You can’t make a wise man a slave, you can’t make a warrior a slave. When you and I came here, or rather when we were brought here, we were brought here from a society that was highly civilized, our culture was at the highest level, and we were warriors--we knew no fear. How could they make us slaves? They had to do the same thing to us that we do to a horse. When you take a horse out of the wilds, you don’t just jump on him and ride him, or put a bit in his mouth and use him to plow with. No, you’ve got to break him in first. Once you break him in, then you can ride him. Now the man who rides him is not the man who breaks him in. It takes a different type of man to break him in than it takes to ride him. The average man that’s been riding him can’t break him in. It takes a cruel man to break him in, a mean man, a heartless man, a man with no feelings.

And this is why they took the role of the slave maker out of history. It was so criminal that they don’t even dare to write about it, to tell what was done to you and me to break us in and break us down to the level that we’re on today. Because if you find the role that that slave maker played, I’m telling you, you’ll find it hard to forget and forgive, you’ll find it hard. I can’t forgive the slave trader or the slave master; you know I can’t forgive the slave maker. [Applause]  
 
Attempts to break Africans
Our people weren’t brought right here to this country. They were first dropped off in the West Indian islands, in the Caribbean. Most of the slaves that were brought from Africa were dropped off first in the Caribbean, West Indian islands. Why? This was the breaking-in grounds. They would break them in down there. When they broke them in, then they would bring the ones whose spirit had been broken on to America. They had all kinds of tactics for breaking them in. They bred fear into them, for one thing.
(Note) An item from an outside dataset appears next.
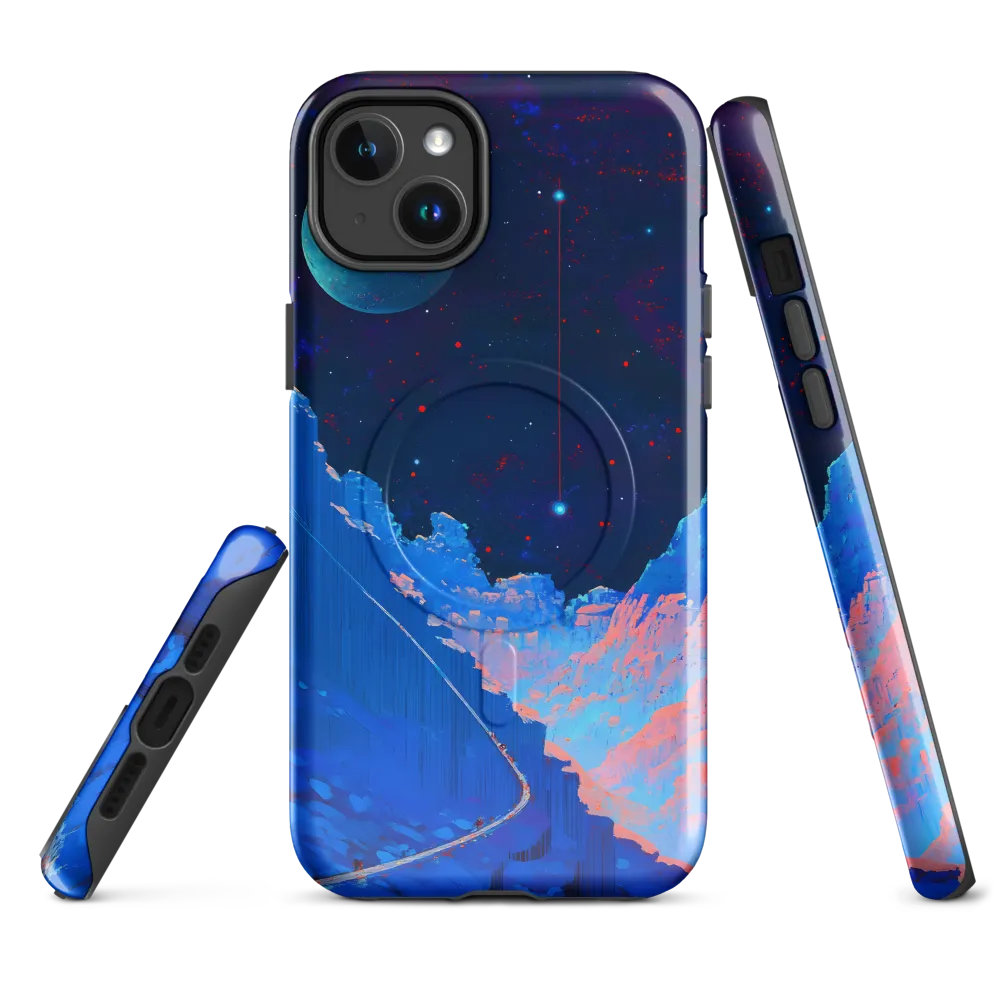 Cosmic Journey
I read in one book how the slave maker used to take a pregnant woman, a Black woman, and make her watch as her man would be tortured and put to death. One of those slave makers had trees that he planted in positions where he would bend them and tie them, and then tie the hand of a Black man to one, a hand to the other, and his legs to two more, and he’d cut the rope. And when he’d cut the rope, that tree would snap up and pull the arm of the Black man right out of his socket, pull him up into four different parts. I’ll show you books where you can read it, they write about it. And they made the pregnant Black women stand there and watch as they did it, so that all this grief and fear that they felt would go right into that baby, that Black baby that was yet to be born. It would be born afraid, born with fear in it. And you’ve got it in you right now--right now, you’ve still got it. When you get in front of that blue-eyed thing, you start to itching, don’t you? And you don’t know why. It was bred into you. But when you find out how they did it, you can get it out of you and put it right back in them.
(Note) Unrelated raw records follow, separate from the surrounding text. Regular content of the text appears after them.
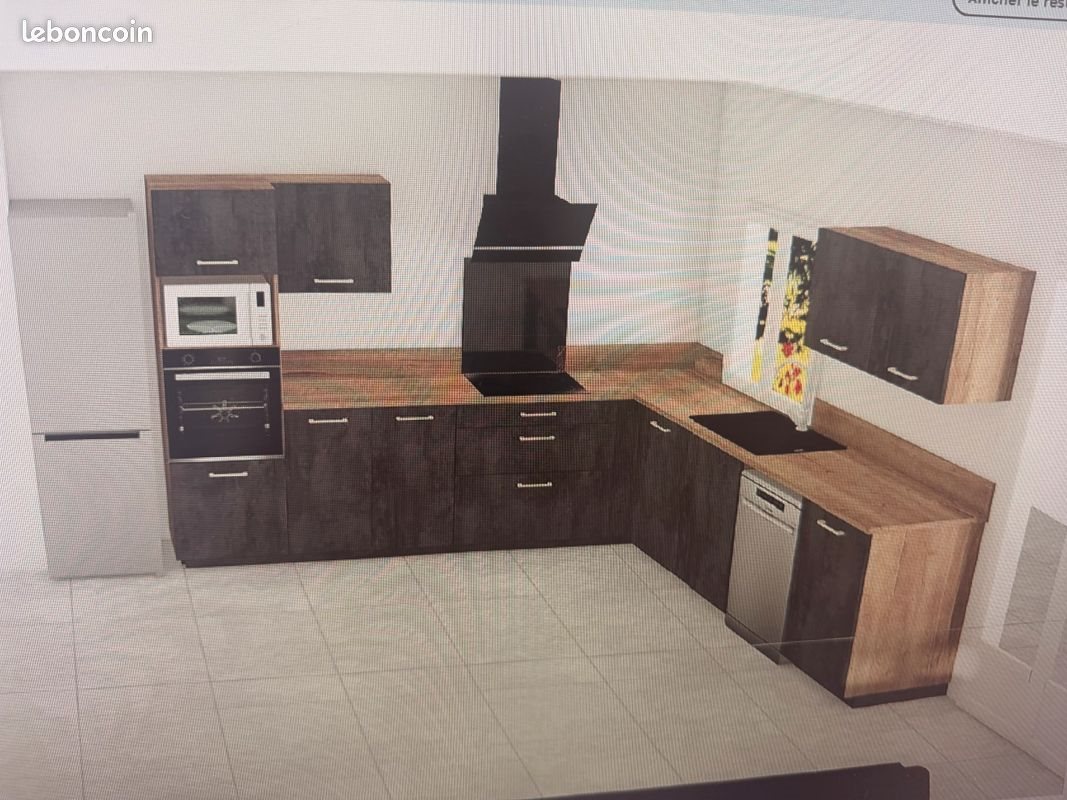 Appartement à louer, 125m², Bagnères-de-Bigorre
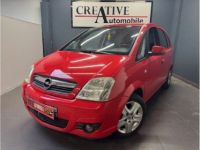 Opel Meriva 1.6 ESS 105 CV Cosmo BVA - <small></small> 4.990 € <small>TTC</small> - #1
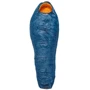 Спальный мешок Спальный мешок Pinguin Spirit (-5/-12°C) 195 см - Left Zip Blue (PNG 232356) 2020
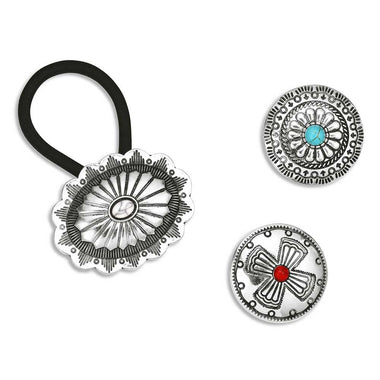 High Desert Hair Tie Set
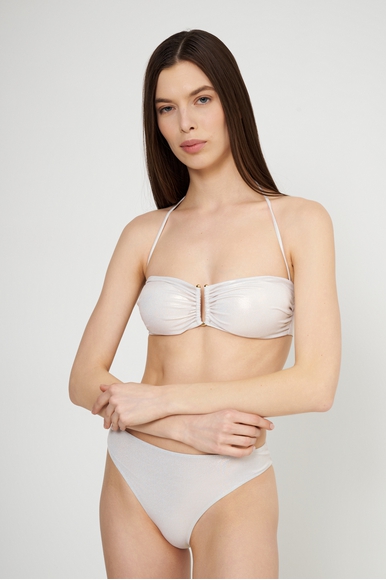 Белый раздельный купальник Rocco Ragni E24-30-B33 купить в интернет-магазине Bestelle фото 1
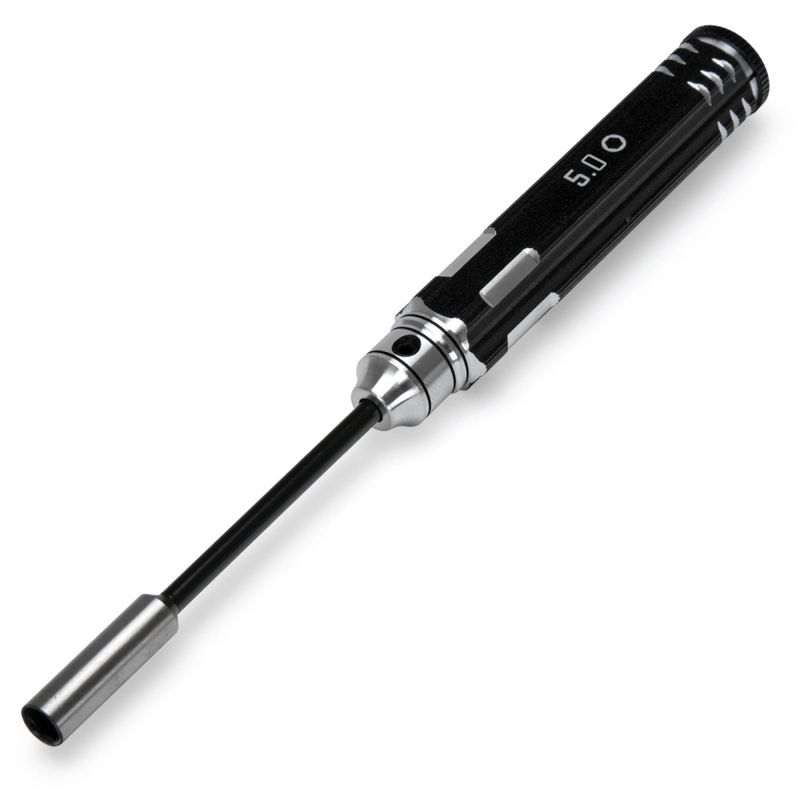 M-Drive -  MD30050 - Sekskant-Hylsetrekker - 5.0 mm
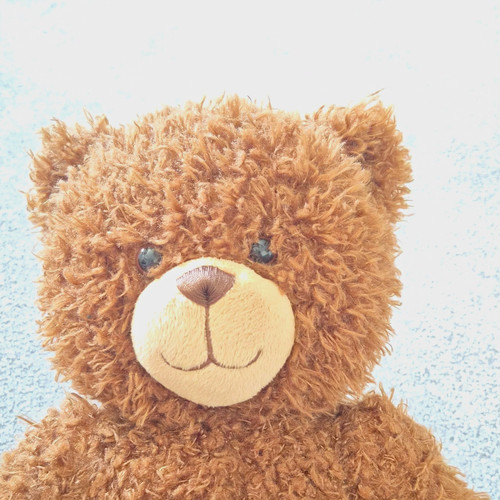 Harry potter plush - plush, teddy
Slaves used to sing that song about "My Lord’s going to move this wicked race and raise up a righteous nation that will obey." They knew what they were talking about--they were talking about the man. They used to sing a song, "Good News, a Chariot Is Coming." If you notice, everything they sang in those spirituals was talking about going to get away from here. None of them wanted to stay here. You’re the only ones, sitting around here now like a knot on a log, wanting to stay here. You’re supposed to be educated and hip, you’re supposed to know what’s happening, you know--they’re not supposed to know what’s happening. But everything they sang, every song, had a hint in it that they weren’t satisfied here, that they weren’t being treated right, that somebody had to go.